By Pat Anson, Editor
Two medications commonly prescribed to prevent migraines in adults are no more effective than a placebo when given to children and teenagers, according to a new study published in The New England Journal of Medicine.
Researchers affiliated with the Childhood and Adolescent Migraine Prevention (CHAMP) study randomly assigned 328 children and adolescents into three groups. One group received a daily dose of amitriptyline (Elavil), the second group received topiramate (Topamax), and the third group was given an ordinary sugar pill.
After 24 weeks, 52 percent of those taking amitriptyline and 55 percent of those taking topiramate had a 50 percent or more reduction in the number of headache days.
But the sugar pill was more effective, with 61% of the placebo group reporting their number of headache days reduced by 50 percent or more.
Researchers say the expectation of responding to a medication may have surpassed the pharmacological effects of taking a drug.
"The study was intended to demonstrate which of the commonly used preventive medications in migraine was the most effective. What we found is that we could prevent these headaches with either a medication or a placebo," says Andrew Hershey, MD, co-director of the Cincinnati Children's Headache Center and senior author of the study. "This study suggests that a multi-disciplinary approach and the expectation of response is the most important, not necessarily the prescription provided."
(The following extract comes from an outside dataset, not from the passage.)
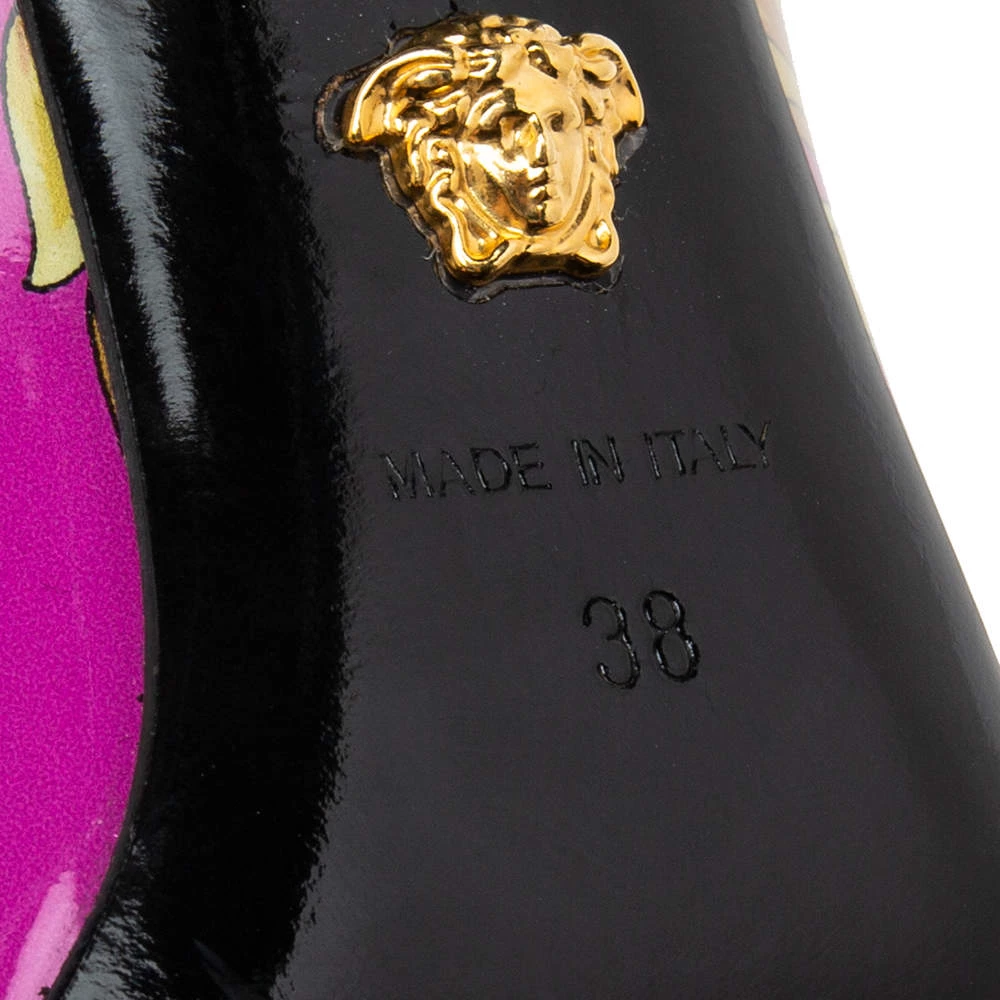 Versace Multicolor Voyage Barocco Print Patent Leather Pumps Size 38 For Women - Image 9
The children taking amitriptyline or topiramate had a significantly higher rate of side effects, including fatigue, dry mouth and, in three cases, mood alteration. About a third of those taking topiramate had paresthesia, a "pins and needles" tingling sensation in their hands, arms, legs or feet.
"The interpretation of these results is very challenging. In most situations, trials that fail to show benefit of an intervention do so because study participants do not improve. That was not the situation here. A majority of all study participants improved, regardless of their assigned treatment group," says Chris Coffey, PhD, a professor of biostatistics in the University of Iowa's College of Public Health, who was lead statistician for the study.
Researchers say further studies are needed identify the best ways to treat pediatric migraines. Simply prescribing sugar pill would be unethical without the patient’s knowledge.
"Our national team was hoping to develop evidence to drive the choice by medical providers of the first line prevention medication for helping youth with migraine, but the data showed otherwise, says Scott Powers, PhD, a pediatric psychologist and co-director of the headache center at Cincinnati Children's.
"We see this as an important opportunity for health care providers, scientists, children, and families because our findings suggest a paradigm shift. First line prevention treatment will involve a multidisciplinary team approach and focus on non-pharmacological aspects of care."
One of the non-pharmacological therapies being used is cognitive behavior therapy (CBT). While CBT has not been directly compared to a placebo for pediatric migraines, neurologists and psychologists say it can be a helpful component in pain care.
As many as one out of five teens suffers from migraines, but treatment options are limited compared to adults. Last year the Food and Drug Administration approved two new treatments for pediatric migraine. Zonig is a nasal spray that provides pain relief in as little as 15 minutes, while Treximet is a medication that contains sumatriptan and naproxen, a non-steroidal anti-inflammatory drug (NSAID). Both Zonig and Treximet have been available for years to treat adult migraine.
Migraine is thought to affect a billion people worldwide and about 31 million Americans adults. In addition to headache pain and nausea, migraine can also cause vomiting, blurriness or visual disturbances, and sensitivity to light and sound. About half of people living with migraine are undiagnosed.